Canstar Community News – ONLINE EDITION

Ukrainian experience to be discussed

Governor General award-winner coming to North End

By: Rob Brown

Posted: 02/29/2012 1:10 AM | Comments: 0 (including replies)

An acclaimed Canadian writer has chosen to launch her latest book of poetry in the North End.

Six-time Governor-General award nominee Erin Moure, winner of the award for her 1988 work Furious, will present her new book of poetry The Unmemntioable at the Ukrainian Cultural and Educational Centre on Sat., March 3 at 7 p.m.

She said launching the book in Winnipeg made sense. “I thought it would be marvellous to launch it in Winnipeg, in the centre of the country,” she said.

Bohdana Bashuk, executive assistant at the centre, said attracting someone the calibre of Moure, who has also been short-listed for the Canadian Griffin Poetry Prize, is a real coup for the organization.

“It is a wonderful opportunity to see both established and new voices to Winnipeg speak about Ukrainian identity and their experiences,” she said.

Moure’s launch will be part of an evening celebrating Ukrainian identity and experience and will include presentations from a handful of poets, artists, essayists and filmmakers.
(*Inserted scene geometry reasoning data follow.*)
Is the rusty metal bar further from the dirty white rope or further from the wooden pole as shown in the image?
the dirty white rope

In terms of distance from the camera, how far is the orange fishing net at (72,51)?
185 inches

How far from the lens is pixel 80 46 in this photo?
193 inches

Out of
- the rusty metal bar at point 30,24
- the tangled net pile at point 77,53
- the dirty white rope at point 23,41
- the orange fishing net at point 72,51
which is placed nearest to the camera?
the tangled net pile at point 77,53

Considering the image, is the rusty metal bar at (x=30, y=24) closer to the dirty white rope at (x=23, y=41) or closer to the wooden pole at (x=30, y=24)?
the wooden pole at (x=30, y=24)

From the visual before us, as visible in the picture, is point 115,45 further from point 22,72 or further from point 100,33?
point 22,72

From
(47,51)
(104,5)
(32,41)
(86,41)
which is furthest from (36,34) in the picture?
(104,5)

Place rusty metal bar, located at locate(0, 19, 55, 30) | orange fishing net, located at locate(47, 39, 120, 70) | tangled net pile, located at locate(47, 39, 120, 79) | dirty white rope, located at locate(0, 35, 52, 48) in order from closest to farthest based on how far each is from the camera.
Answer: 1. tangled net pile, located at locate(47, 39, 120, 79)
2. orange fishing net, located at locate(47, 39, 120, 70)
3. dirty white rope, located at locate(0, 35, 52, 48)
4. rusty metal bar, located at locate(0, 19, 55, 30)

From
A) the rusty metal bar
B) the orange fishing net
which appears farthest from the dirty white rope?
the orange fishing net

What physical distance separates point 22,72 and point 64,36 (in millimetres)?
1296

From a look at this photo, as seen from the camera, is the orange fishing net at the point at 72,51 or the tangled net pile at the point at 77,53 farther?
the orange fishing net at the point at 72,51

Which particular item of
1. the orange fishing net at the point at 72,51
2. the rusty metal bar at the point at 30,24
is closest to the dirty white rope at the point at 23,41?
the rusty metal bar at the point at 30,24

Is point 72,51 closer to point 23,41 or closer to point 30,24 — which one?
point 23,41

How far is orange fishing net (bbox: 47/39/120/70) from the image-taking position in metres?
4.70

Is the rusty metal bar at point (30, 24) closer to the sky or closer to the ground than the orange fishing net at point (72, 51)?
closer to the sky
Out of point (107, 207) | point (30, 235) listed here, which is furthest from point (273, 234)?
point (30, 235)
The presentations will be followed by an open discussion moderated by Dr. Alison Calder.

Moure said what led her to focusing on the Ukraine for the project was a promise she made to her mother.
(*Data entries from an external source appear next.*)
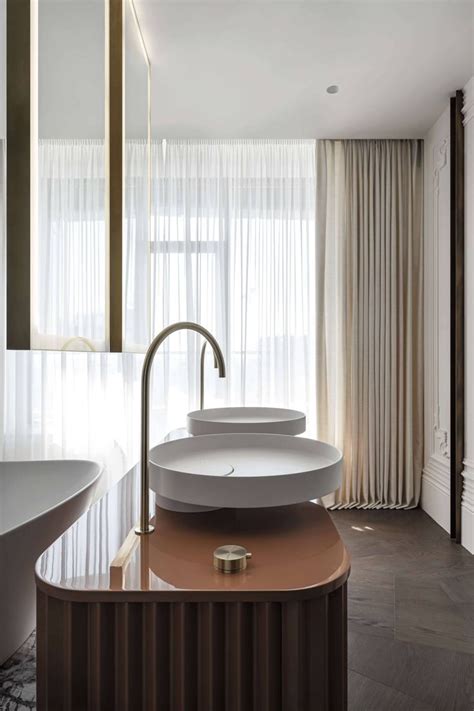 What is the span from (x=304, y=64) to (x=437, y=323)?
1.61 metres

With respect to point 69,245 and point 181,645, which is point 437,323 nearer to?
point 69,245

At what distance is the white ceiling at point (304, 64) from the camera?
204 cm

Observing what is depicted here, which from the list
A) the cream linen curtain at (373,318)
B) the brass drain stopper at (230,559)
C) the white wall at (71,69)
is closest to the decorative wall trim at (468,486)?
the cream linen curtain at (373,318)

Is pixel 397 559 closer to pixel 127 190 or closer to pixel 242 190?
pixel 127 190

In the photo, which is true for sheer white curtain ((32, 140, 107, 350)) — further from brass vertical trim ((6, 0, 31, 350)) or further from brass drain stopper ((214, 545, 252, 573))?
brass drain stopper ((214, 545, 252, 573))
“The book is an attempt to grapple with identity, displacement, grief for a lost world that neither my mother nor my grandmother were able to,” she said.

She added the choice of the title, The Unmemntioable, was not meant to get would-be editors reaching for their red pens.
“It’s a physical deformation of the word, but one that is still visible beneath its deformations. It’s a mumble or whisper. Unmentionable, as such,” she said.

Moure’s debut poetry book, Empire, York Street, was nominated for a Governor General’s award in 1979.

Her work Little theatres is the winner of the A.M. Klein Prize for poetry, as well as a nominee for the Governor General’s Award and the Pat Lowther Poetry Prize. Since 2000 she has also focused on French, Spanish and Galician translation work.

Bashuk said while much of the centre’s focus is on Ukrainian history, it is also trying to concentrate more on current culture. “The good thing about these types of events is they end up in rousing great discussion,” she said.

Located at 184 Alexander Ave. East, the Ukrainian Cultural and Education Centre was created in 1944 to preserve Ukrainian culture in Canada.

The centre is home to a museum, archives, library and art gallery and is the largest Ukrainian cultural institution of its kind in Canada.